336 Eggleston to Evatt

Letter WASHINGTON, 6 November 1944

I hope you will not mind my referring to a matter on which I think we should have an understanding at once.

Some telegrams have come partly from you and partly from Hodgson to you, marked to be dealt with by a member of the staff alone. I presume that these are considered personal matters which you do not want to bother me about. But I feel rather embarrassed at things going through the Chancery which do not come under my attention and so I think do the members of the staff concerned. I would like you to know that I have given direction that all telegrams, whether marked in this way or not, are to be shown to me. I reserve the right to say what is to be done with them. As you know, I will loyally carry out all directions given by you and the Government, but I cannot accept responsibility for the work of the Legation if instructions to the staff are given otherwise than through myself.
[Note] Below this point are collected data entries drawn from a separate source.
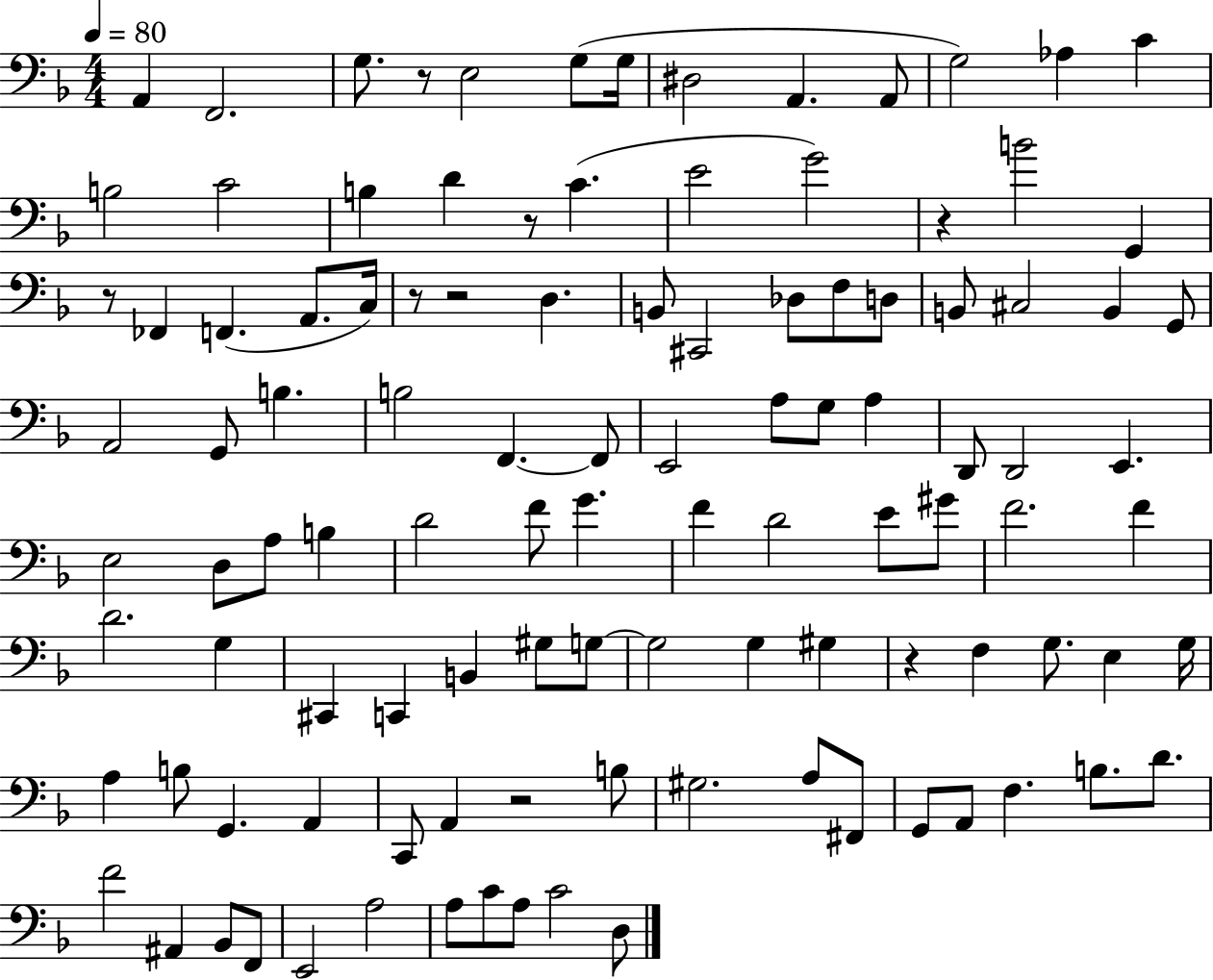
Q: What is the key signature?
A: F major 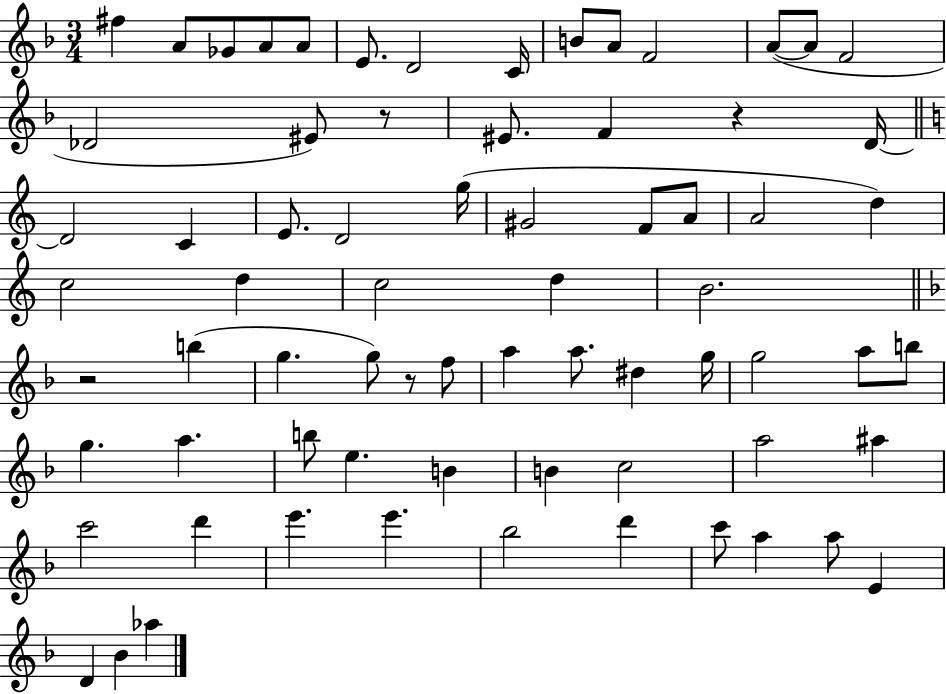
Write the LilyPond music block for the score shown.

{
  \clef treble
  \numericTimeSignature
  \time 3/4
  \key f \major
  fis''4 a'8 ges'8 a'8 a'8 | e'8. d'2 c'16 | b'8 a'8 f'2 | a'8~(~ a'8 f'2 | \break des'2 eis'8) r8 | eis'8. f'4 r4 d'16~~ | \bar "||" \break \key a \minor d'2 c'4 | e'8. d'2 g''16( | gis'2 f'8 a'8 | a'2 d''4) | \break c''2 d''4 | c''2 d''4 | b'2. | \bar "||" \break \key f \major r2 b''4( | g''4. g''8) r8 f''8 | a''4 a''8. dis''4 g''16 | g''2 a''8 b''8 | \break g''4. a''4. | b''8 e''4. b'4 | b'4 c''2 | a''2 ais''4 | \break c'''2 d'''4 | e'''4. e'''4. | bes''2 d'''4 | c'''8 a''4 a''8 e'4 | \break d'4 bes'4 aes''4 | \bar "|."
} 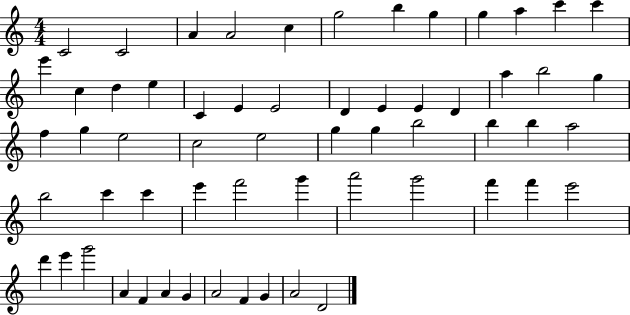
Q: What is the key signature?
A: C major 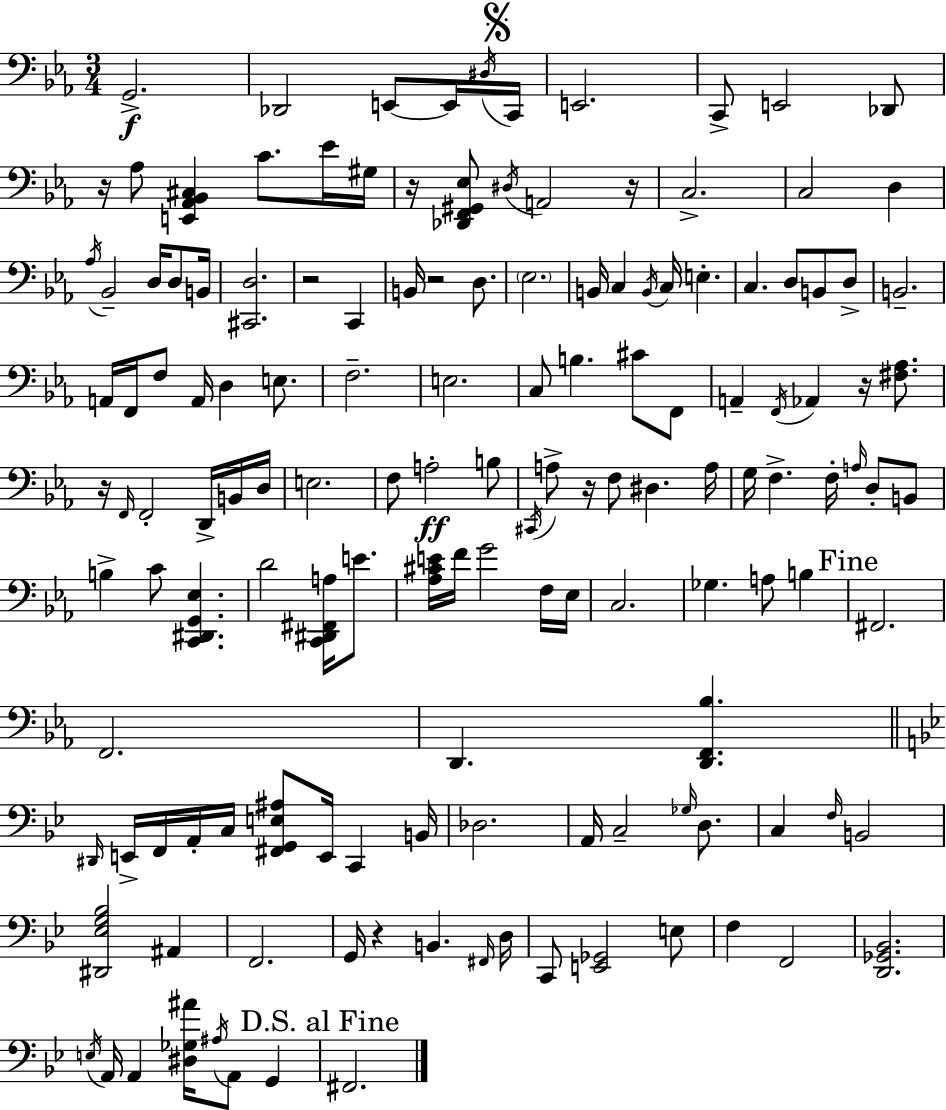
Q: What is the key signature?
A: EES major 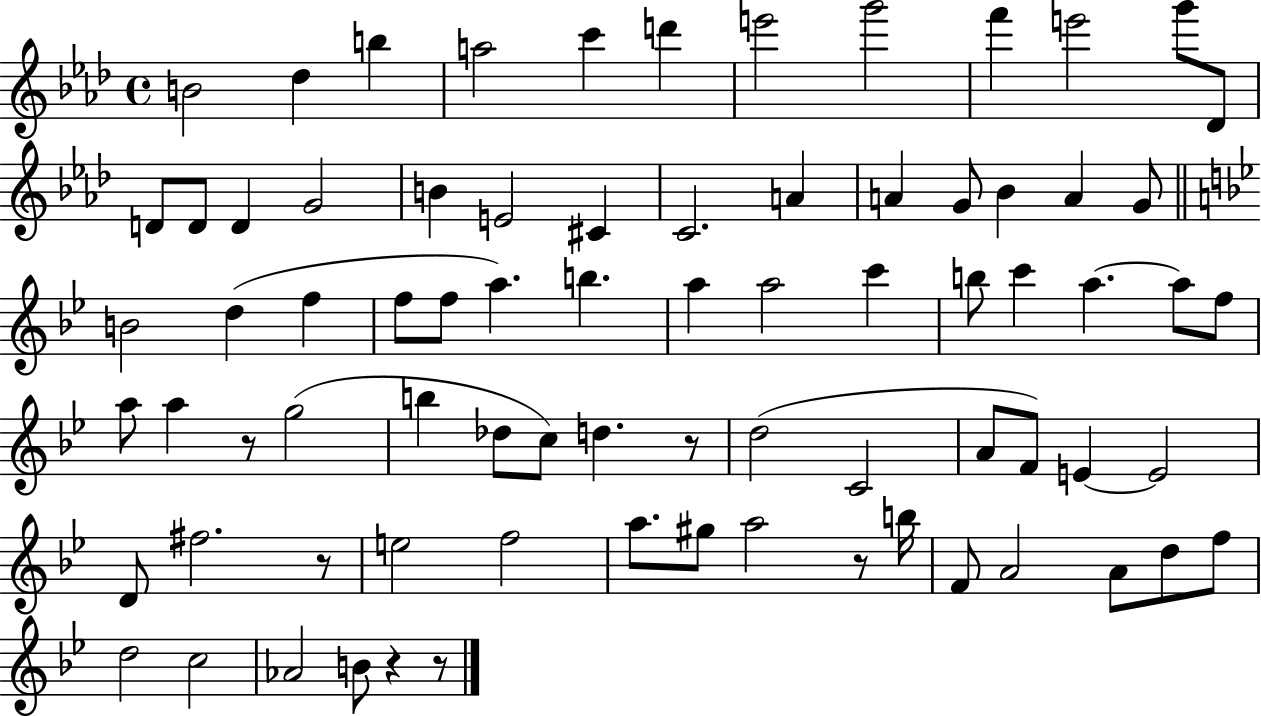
B4/h Db5/q B5/q A5/h C6/q D6/q E6/h G6/h F6/q E6/h G6/e Db4/e D4/e D4/e D4/q G4/h B4/q E4/h C#4/q C4/h. A4/q A4/q G4/e Bb4/q A4/q G4/e B4/h D5/q F5/q F5/e F5/e A5/q. B5/q. A5/q A5/h C6/q B5/e C6/q A5/q. A5/e F5/e A5/e A5/q R/e G5/h B5/q Db5/e C5/e D5/q. R/e D5/h C4/h A4/e F4/e E4/q E4/h D4/e F#5/h. R/e E5/h F5/h A5/e. G#5/e A5/h R/e B5/s F4/e A4/h A4/e D5/e F5/e D5/h C5/h Ab4/h B4/e R/q R/e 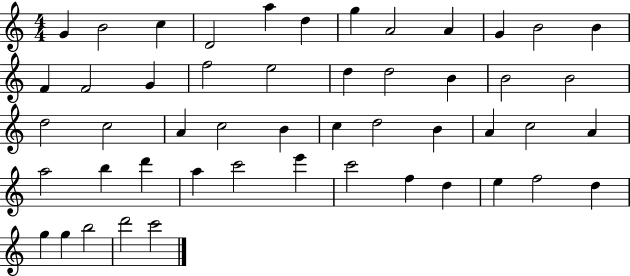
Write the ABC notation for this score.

X:1
T:Untitled
M:4/4
L:1/4
K:C
G B2 c D2 a d g A2 A G B2 B F F2 G f2 e2 d d2 B B2 B2 d2 c2 A c2 B c d2 B A c2 A a2 b d' a c'2 e' c'2 f d e f2 d g g b2 d'2 c'2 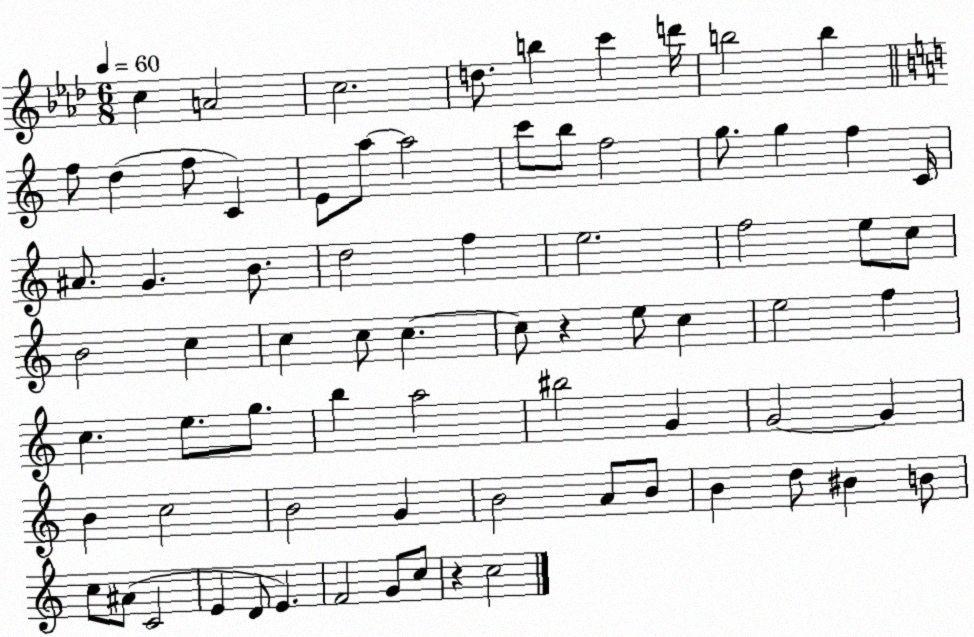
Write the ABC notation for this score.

X:1
T:Untitled
M:6/8
L:1/4
K:Ab
c A2 c2 d/2 b c' d'/4 b2 b f/2 d f/2 C E/2 a/2 a2 c'/2 b/2 f2 g/2 g f C/4 ^A/2 G B/2 d2 f e2 f2 e/2 c/2 B2 c c c/2 c c/2 z e/2 c e2 f c e/2 g/2 b a2 ^b2 G G2 G B c2 B2 G B2 A/2 B/2 B d/2 ^B B/2 c/2 ^A/2 C2 E D/2 E F2 G/2 c/2 z c2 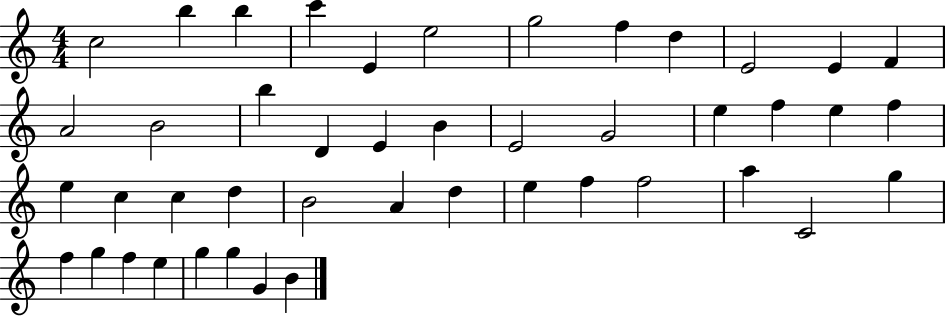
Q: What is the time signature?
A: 4/4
The situation is illustrated by the message sent to Mr. Cordell Hull. [1] This is, of course, a message between friends, but it conveys a wish as to the result of the elections and as Mr.

Roosevelt's election is by no means certain, it would be exceedingly embarrassing if his opponent were to take office. If it could be conveyed by word of mouth, it would be harmless, but as Mr. Cordell Hull is in hospital this is not possible and I have directed Mr. Watt not to take steps to deliver it through the department. You will remember that one British Minister, Lord Sackville [2], expressed a wish for the election of a particular person and the outcry was so great that he had to be recalled.


1 Not located. Evatt appears to have dispatched this message during his visit to New Zealand.

2 In 1888, Lord Sackville, U.K. Minister to the United States, expressed a preference in private correspondence with U.S.

citizens for the re-election of President Cleveland. As a result of the ensuing public controversy, Sackville was handed his passport.